Reeves expressed gratitude for her own robust school administration staff and tech coordinator. “Utilize the resources you have,” she urged attendees.
The process has allowed her to work with the teachers in her district to create structured personalized learning plans. On “data-digging days,” Reeves works with teachers to analyze data and set goals for students in their classes.
After setting a SMART goal — one that includes a specific, measurable, achievable, relevant and time-bound objective — teachers can fill out a template that outlines how they’ll help each student. It includes actionable solutions for students who need remediation and enrichment for students who are already where they need to be.

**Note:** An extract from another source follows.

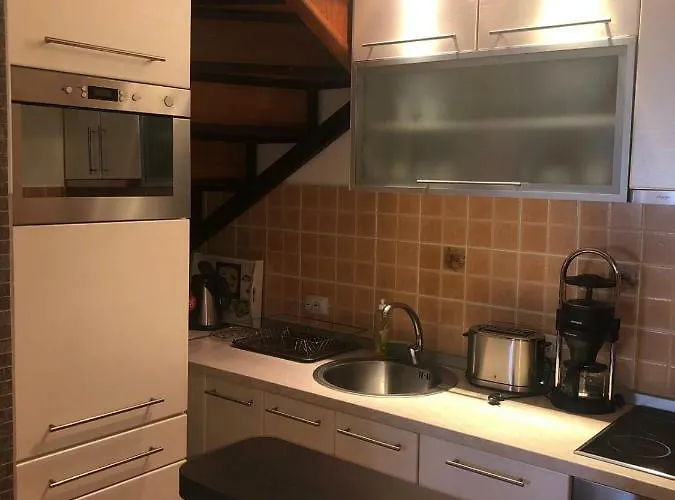 Danube Duplex 公寓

DISCOVER: How can student data drive positive learning outcomes?
Operationalizing her district’s student data has allowed Reeves and her staff to better support students’ individual needs. She said it allows educators to encourage students’ growth beyond the years they’re teaching them. Working with other teachers in the grade levels above and below them, educators can prepare for the specific needs of the students they’ll be teaching.
Interoperability Will Allow Schools to Scale Their Use of Data
Operationalizing data for individualized instruction can boost test scores and student confidence, but it becomes a point of frustration when data systems aren’t interoperable.

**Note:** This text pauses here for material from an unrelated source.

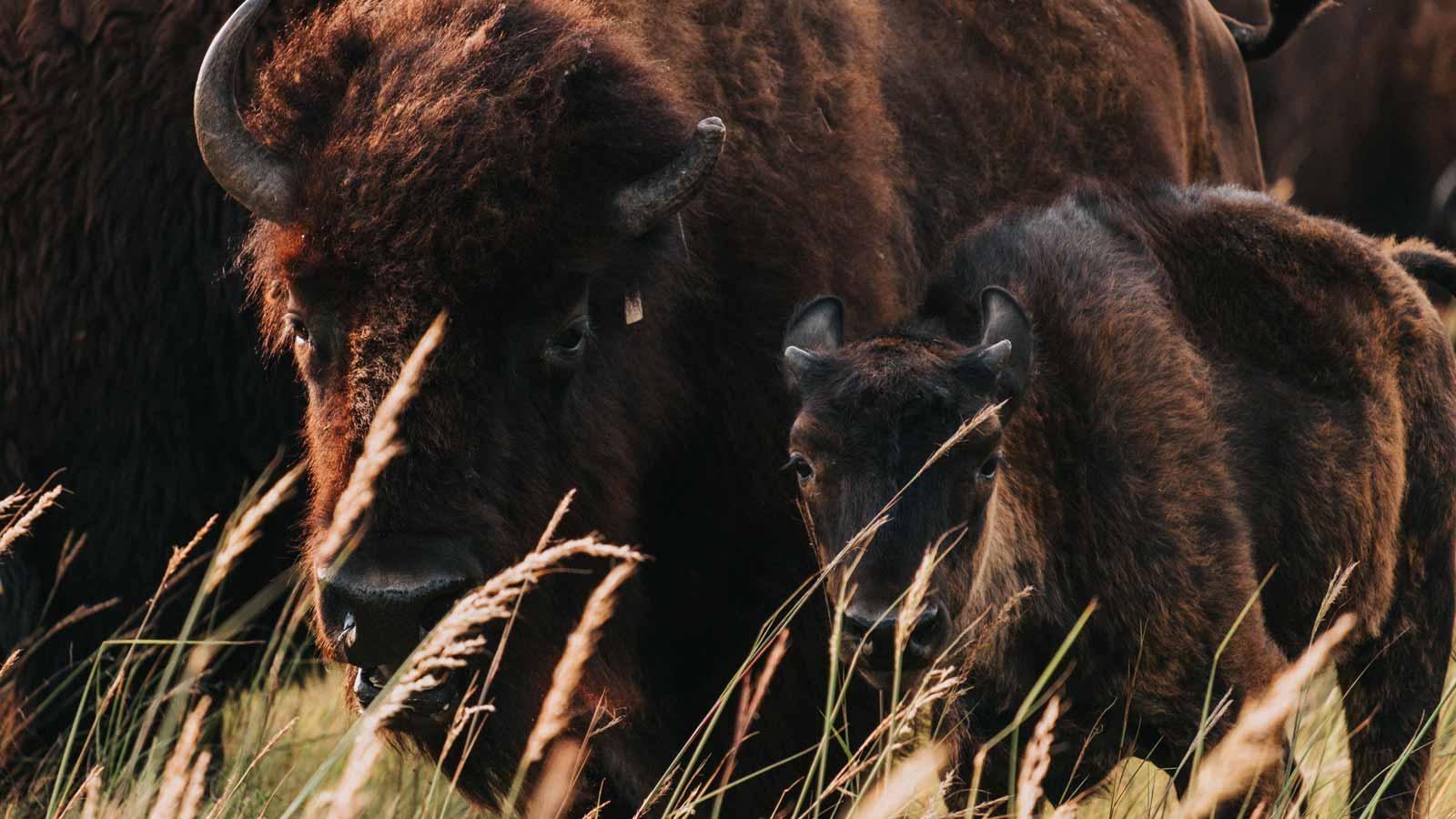 Baby bison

“Data can be such a powerful tool, and we have all this data in systems that don’t talk to each other,” Bearden said.
She spoke to a crowd that included many educators and IT leaders familiar with the frustrations of data analysis.

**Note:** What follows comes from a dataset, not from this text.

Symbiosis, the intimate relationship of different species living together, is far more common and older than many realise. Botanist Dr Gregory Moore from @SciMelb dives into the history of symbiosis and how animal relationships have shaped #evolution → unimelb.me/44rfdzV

One audience member pointed to inflexibility as a challenge that stems from a lack of interoperability. “When changing your LMS, you have to look at the data you have and see if it will work in the new system, which limits the vendors you can go to,” he said.
To make data operational at scale, vendors must adopt data standards, Bearden said, adding that many of our technologies use standards today that we don’t even consider. She pointed to Bluetooth, ATMs and electrical outlets as examples.
She encouraged administrators to push vendors to adopt standards and, in the meantime, to check out Project Unicorn, a program within InnovateEDU. Not only does Project Unicorn advocate for data interoperability on behalf of K–12 schools, it also offers myriad resources on making data systems work together.